Lena Raine – Oneknowing

von am 24. April 2019 in Album

Lena Raine – Oneknowing

Aktuell ist eine der ganz wunderbaren Piano-Aufarbeitungen von Trevor Alan Gomes zur kleinen Game-Sensation Celeste erschienen. Deren Soundtrack-Urheberin Lena Raine selbst ist derweil bereits weiter und legt mit Oneknowing ihr nominelles Debütalbum vor.

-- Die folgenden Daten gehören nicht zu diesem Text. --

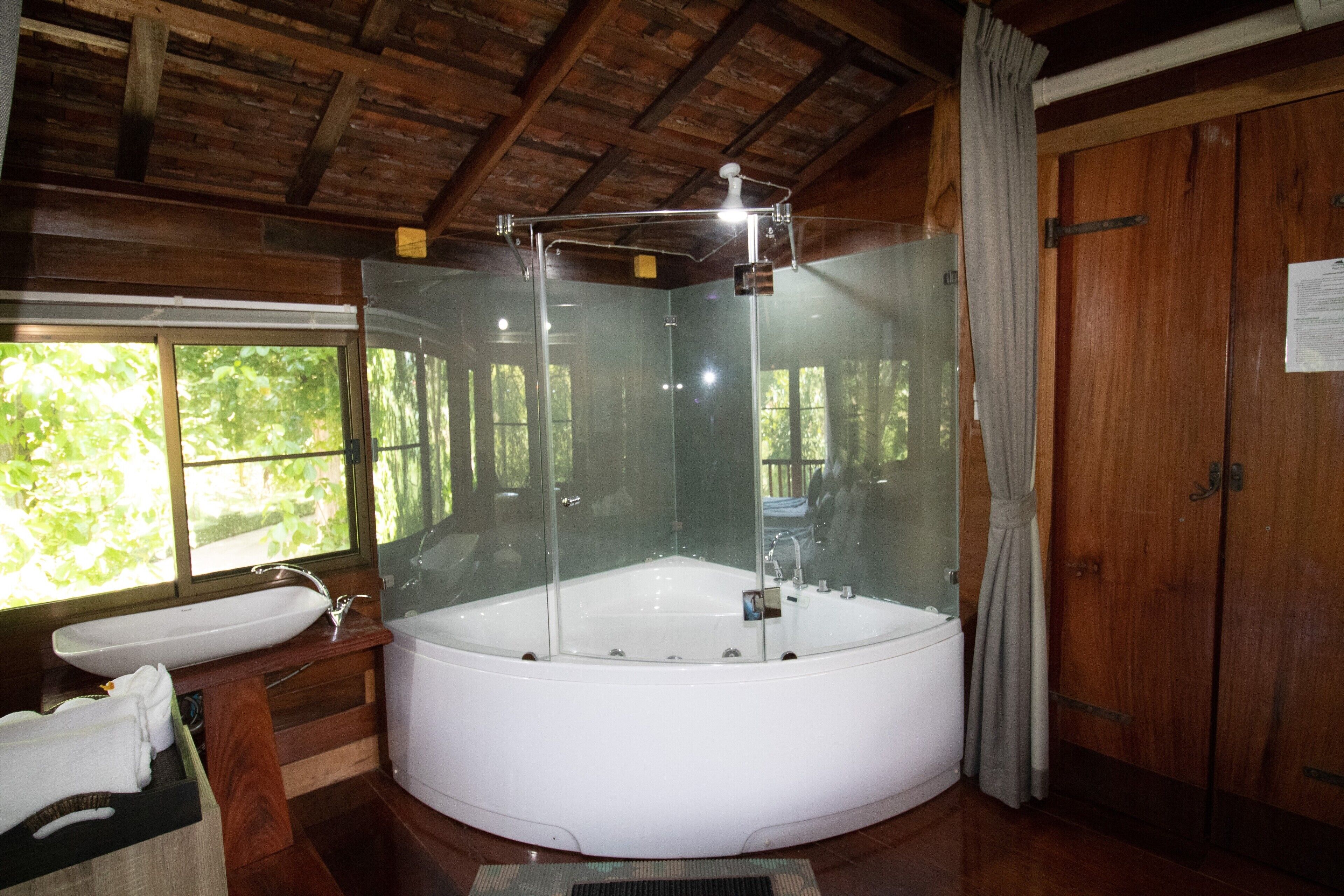 Un baño moderno con una bañera grande, ducha con cerramiento de vidrio y detalles de madera.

Eine Zeit der persönlichen und lokalen Um-, aber eben auch der beruflichen Durchbrüche hat Lena Raine also ohne Verschnaufpause genutzt, um auf der Welle der Aufmerksamkeit dem vielgepriesenen Score des herausragenden 2D-Plattformers Celeste (nach zahlreichen Projekten und Auftragsarbeiten) ihr dezidiert erstes offizielles Soloalbum nachzulegen.
Eine wirklich klare Abgrenzung zu ihrem bisherigen Schaffen markiert Oneknowing ästhetisch dann aber genau genommen nicht wirklich, obwohl Synthesizer erst in der zweiten Hälfte der Platte eine dominierende Rolle spielen, davor eine Konzentration auf organischere Instrumente stattfindet und etwa das erst leise schimmernde, dann kammermusikalisch plätschernde Breath auch direkt von Celeste stammen könnte. Was angesichts der Qualität ihrer bisherigen Soundtrackveröffentlichungen natürlich an sich eine gute Sache ist, dem Potential von Raine im Zwischenbereich aus Klangmalerin und klassischer Songschreiberin auf Oneknowing aber auch eine gewisse Unentschlossenheit verleiht.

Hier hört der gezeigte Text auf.